Kevin Benedict is an enterprise digital strategies expert, executive advisor, writer, keynote speaker and futurist. He is the Senior Vice President, Solutions Strategy, at Regalix, a Silicon Valley based company, focused on bringing the best strategies, digital technologies, processes and people together to deliver improved customer experiences, journeys, and success through the combination of intelligent solutions, analytics, automation, and services.
KB: How much coding do end users really want? Do they want everything templated, so they can just pump out simple apps all day? Or, is there just a need to customize to additional code? Where has it settled?
JK: The market is still debating this, and it’s probably going to be a debate for the next five years, if not more. Look at it in terms of a spectrum: If you think about some of the new categories of app development, on the left hand you have the simplest approach – citizen developer – no-code, call it. Just a visual interface to build an app quickly and easily. At this point, there’s probably a huge tradeoff in terms of power and flexibility.
The next on the spectrum is the most promising category right now which is low-code. Low-code means we’re still going to have the need for enterprise development principles, security, enterprise scalability – all those things that matter – but, we’re going to provide developers with the advantage of speed by presenting solutions without them having to do as much code.
Then, on the furthest right of the spectrum is the traditional, write-everything-from-scratch approach, which I think a lot of hard-core developers still like. They want the power, the flexibility, and control of doing everything exactly how they want it.
Finding a balance, I think, is the winning strategy. The mass market is going to probably land on a solution more in the low-code space that gives developers power and flexibility.
KB: Help us understand what part of Kony is specific to an industry vertical and what part of your solutions are the platform-layer that you reuse across all the industries.
JK: Kony has two offerings: Number one is Kony Quantum. That’s the new name for the consolidated effort of the Kony Development platform. Over the years, as we’ve evolved and enhanced that product, it deserved a separate brand and focus. The Kony Quantum brand, that platform, is common to everything we do.

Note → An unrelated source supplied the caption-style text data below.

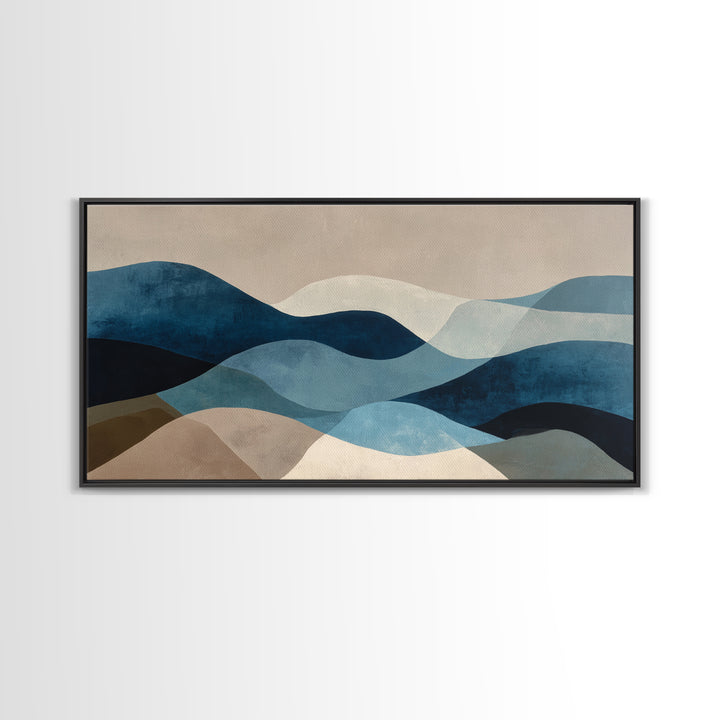 All Blue Ocean Abstraction Canvas Print, Monochrome Art, Wall Art, Living Room Decor, Mono, Abstract Art, Bedroom Decor, MON-2x1-21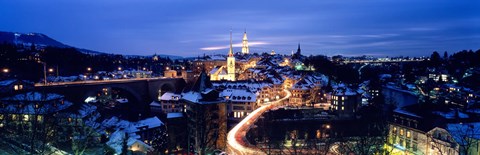 Framed Night Bern Switzerland Print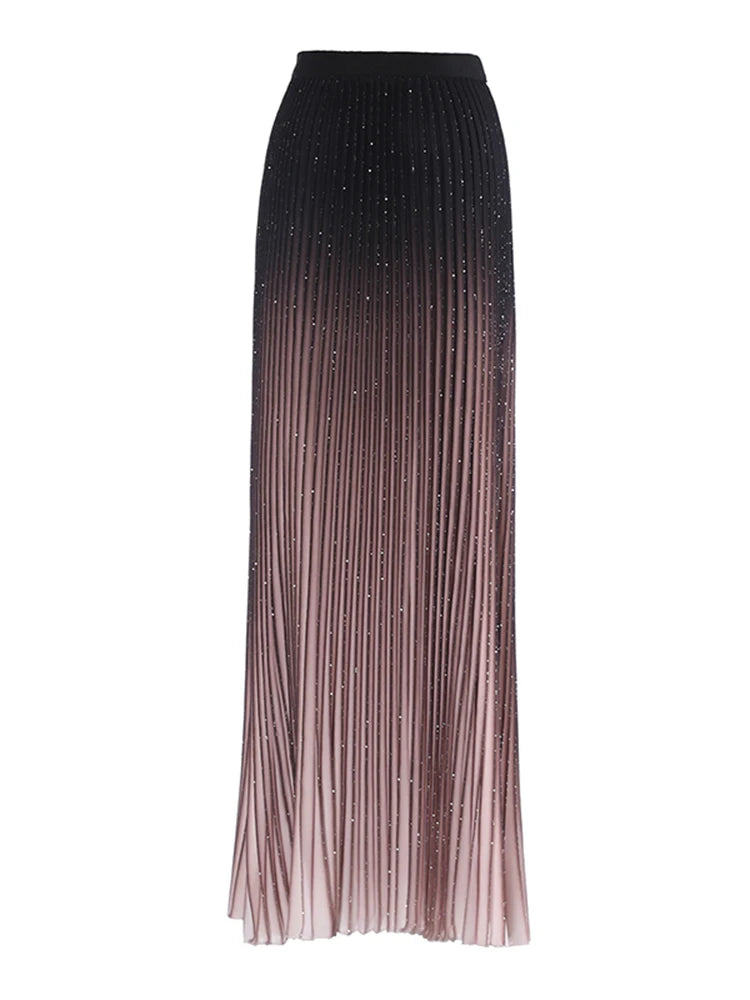 Colorblock Ombre Patchwork Diamonds Elegant Skirts For Women High Waist Spliced Pleated Slimming Skirt Female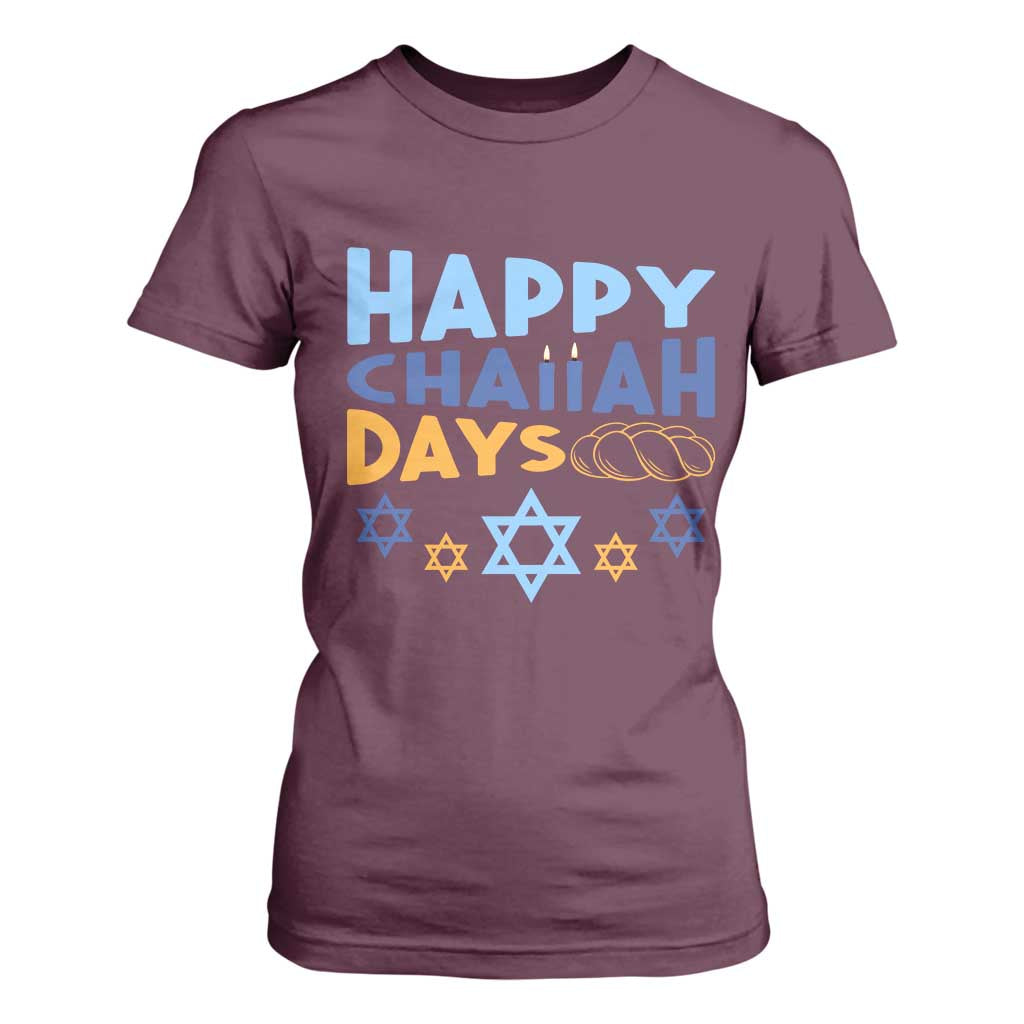 Happy Challah Days T Shirt For Women Hanukkah Holiday Gift TS12 Maroon Print Your Wear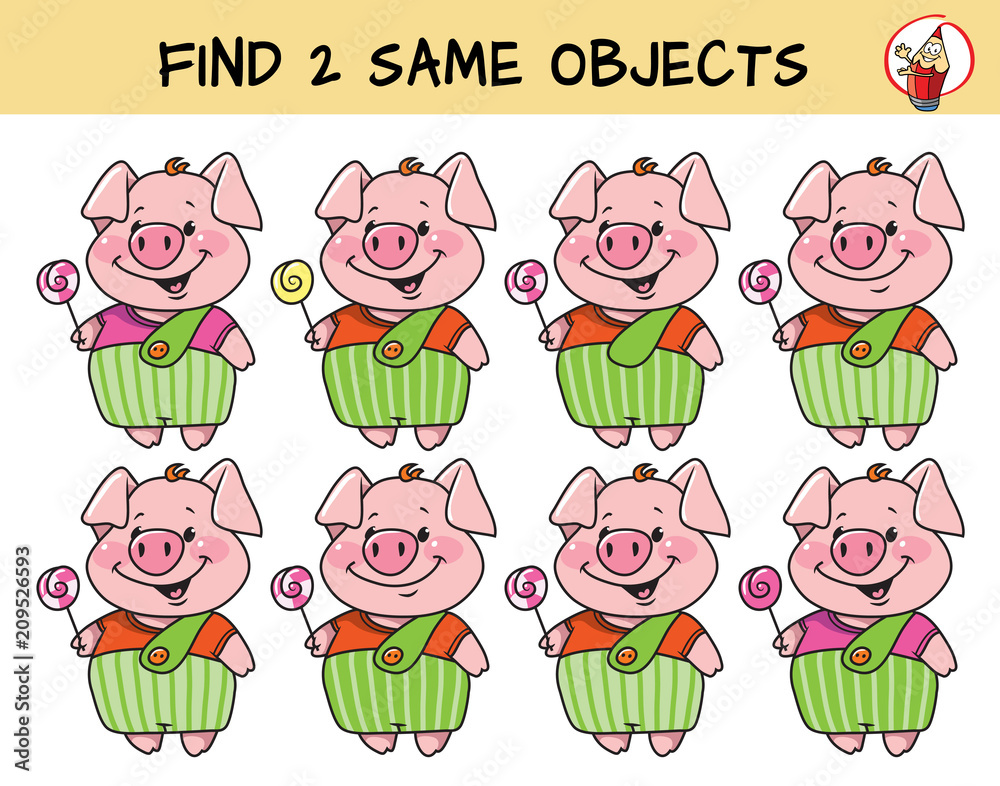 Funny little pig with lollipop. Find two same pictures. Educational ...
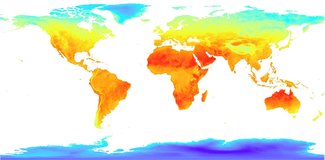 Global daytime land surface temperature (LST) from the LEOLSTCMG30 product during the month of October, 2022.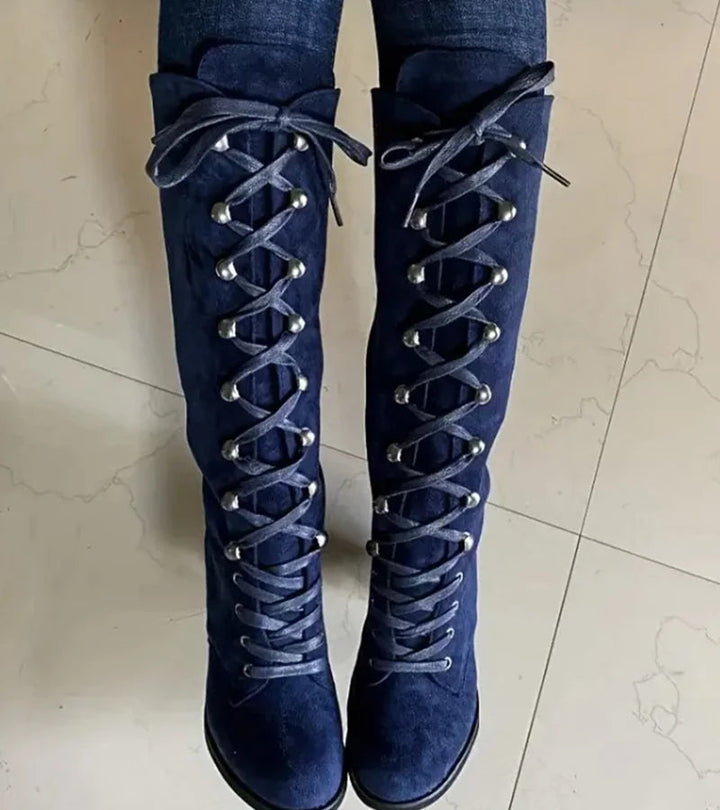 Asmita - Botas De Ante Con Cordones Y Tacón Alto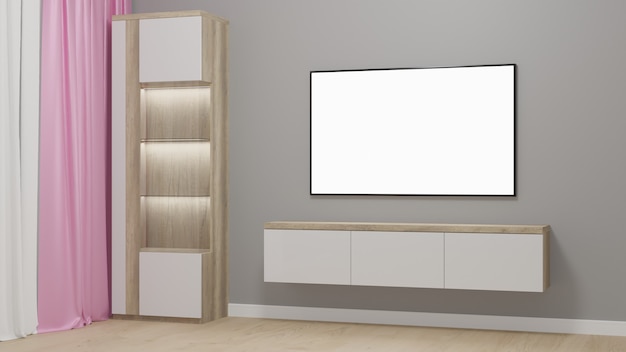 TV-Bereich in einem minimalistischen 3D-Rendering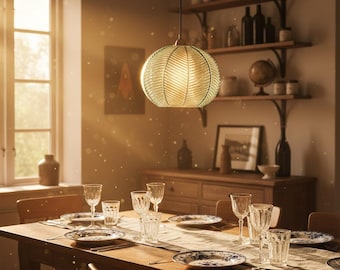 Ribbed Glass Pendant Light - Vintage Nordic Style Ceiling Lamp for Dining Room, Kitchen, or Bedroom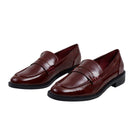 Casual Closed Toe Slip-on Penny Loafers with Low Heel - Burgundy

The other is Kony DBX, where we have our banking-specific applications –online banking and retail banking. All of those applications are built upon the Kony Quantum foundation, which serves as the underlying transportable-across-industry component of our portfolio.
KB: Where do you see enterprise mobility going in the next five years?
JK: We’ll definitely continue to evolve. We’ll be seeing what people predicted would become mainstream, but maybe aren’t quite there now. I think the end-user experience is going to continue to be a huge concept for people. Customer experience will always matter, but it’s getting more and more crucial.
We’re talking now about developer experience. What does the developer experience when using your tools to build digital applications? How do you make it easier? How do you get them onboard faster? That’s an area of focus in this Kony Quantum release, because we’ve got a lot of power on this platform. The question now is, how do we harness it, make sure we can put it in the hands of millions of users, and realize that potential quickly?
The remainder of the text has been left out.